The crusaders sacked the city for three days, in an orgy of brutality and chaos. Many works of art which had survived from ancient Greece were lost to posterity in the destruction. The city’s holy sanctuaries were systematically desecrated. The city’s nuns were raped and murdered in their convents. A prostitute was enthroned on the Patriarch’s chair. The Library of Constantinople was destroyed. The bronze horses from the Hippodrome were sent back to adorn the facade of St Mark’s Basilica in Venice. Eight hundred years later, Pope John Paul II wrote “How can we not share, at a distance of eight centuries, the pain and disgust.”
While the Eastern Roman Empire would officially live on until 1453, it was crippled from that point on. Almost none of the crusaders ever made it to the Holy Land.
One affect of the sacking was that the artists and intellectual living in and around Constantinople decamped to the Italian peninsula. This was almost certainly partly responsible for kicking-off the Renaissance.
Regarding the population of World Cities in 600 CE, these are taken from World History: A New Perspective, by Clive Ponting, p298.
31: Urban Geography
I don’t know where I originally sourced the budget for ITER (the experimental fusion reactor), but here is an article in the New Scientist which quotes it.
The circumnavigation of the globe my great uncle John Donnelly undertook on a tall ship in the 1930s was recorded in a book – The Voyage of the Cap Pilar – written by Adrian Segilman (the ship’s captain), and regarded as a sailing classic. John Donnelly was later a lawyer and property owner in Colchester, and was imprisoned during the war for being a conscientious objector. I have only hazy memories of him, as I was six years old when he died. I did, however, wholeheartedly embrace the tradition of adventure travel he partly founded.
32: Marmara Road Trip
The economic and demographic numbers for Turkey come from the 2005 version of the CIA World Fact Book (accessed 9 November 2005).
33: Nelly No More
The number of days the Spirit rover had been active on the Martian surface came from the NASA website.
34: Istanbul Character Diaries
I didn’t recall where I got my original banana statistic from, but here are two sources which quote that number.

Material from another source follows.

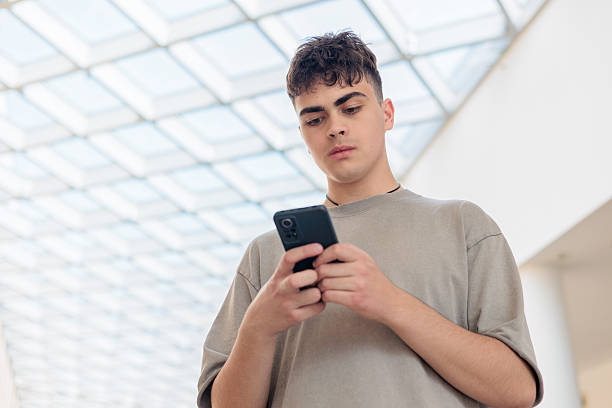 istock Teen boy browsing phone under glass ceiling. Focused male checking mobile device in modern interior. Young adult reading message on smartphone. Concentrated student scrolling through phone. Copyspace 2219443905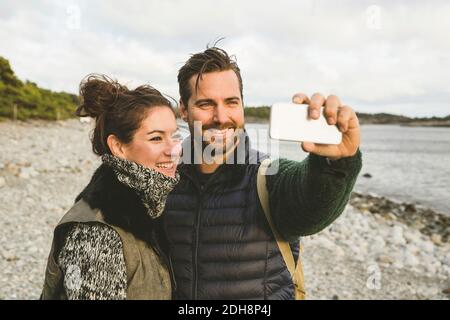 Felice coppia che prende selfie alla spiaggia contro il cielo durante il tramonto Foto Stock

- Regarding Henry (a blog)
- A presentation on bananas (including with lots of banana facts)

Tarik by the Golden Horn
The story about Tarik is only one observation I enjoyed from this wonderful and intelligent man. The two main areas where his insights shaped my thoughts – and the book’s thesis – were: economics (Global Musing VI, p328) and how much people love to think up clever ways of justifying to themselves telling other people what to do (Global Musing I, p262).

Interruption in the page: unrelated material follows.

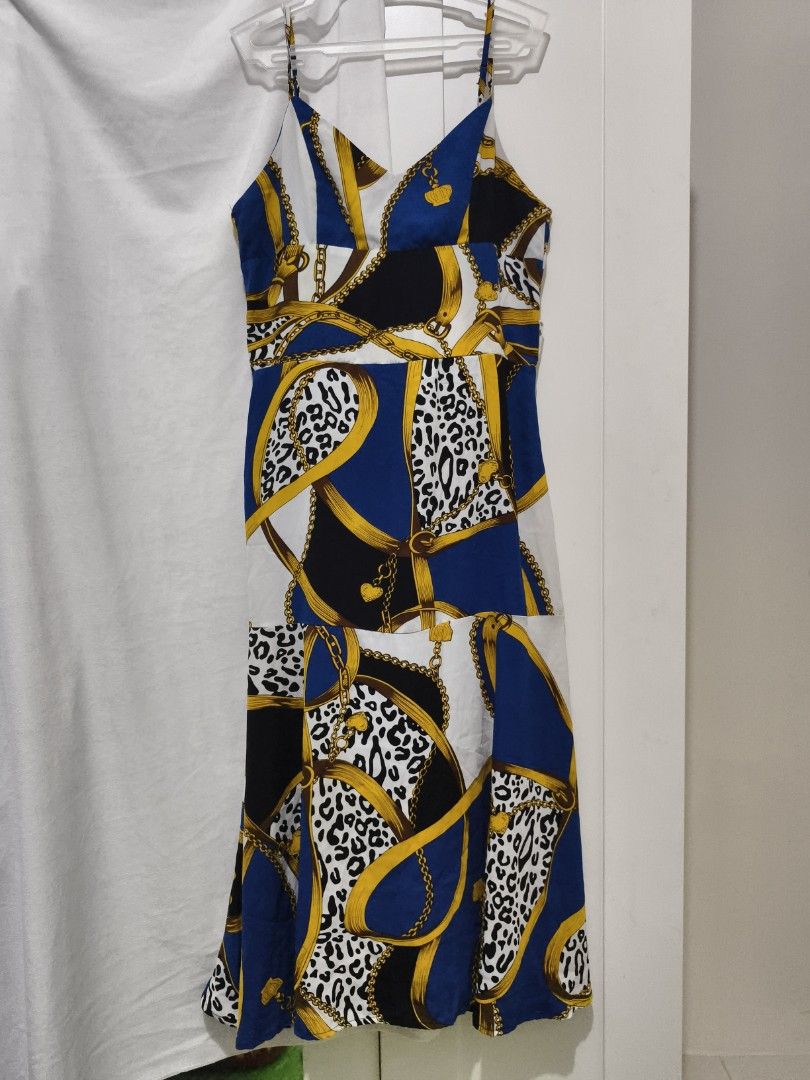 Blue Chain Print Spaghetti Strap Midi Dress (Category: Dresses) located in Muntinlupa City. Submitted by cozmovingout (Listing ID 1446490284, Image 1). Description: - Midi dress with spaghetti straps and V-neckline. - Eye-catching print: Bold chain and leopard pattern. - Colors: Blue, white, black, and gold. - Comfortable for warmer weather. - Versatile for casual outings or nights out..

Here is one of Tarik’s stories about economics …
There are two sets of two islands. In the first set, one group of islanders are poor and the other are rich. The reason for this is that the people from the rich island paddle canoes across to the poor island, and steal their food and goods, keeping themselves rich and their neighbours poor.
In the other set of islands, one set of islanders are also poor and the others are also rich. In this case, there is no contact between the islands and no one ever travels between them. But on the rich island the people work very hard and have become rich through their own efforts, while on the poor island they do not cooperate effectively, so they remain poor.
The whole world – and the reasons that some parts of it are poor and others rich – is a mixture of those two scenarios.
Musings – The Crush
In addition to the stack of poems I wrote going across Europe, I also did a few in Istanbul. Have a look at them here, with a few notes. I won’t share the ‘forlorn’ ones.
36: Byzantine Twilight
The ‘American Empire’ quip was supposed to be inflammatory. In hindsight, it was a cheap shot.

Say it like you see it
37: The Planetary Adolescence
The American casualties in Iraq numbers were taken from ICasualties.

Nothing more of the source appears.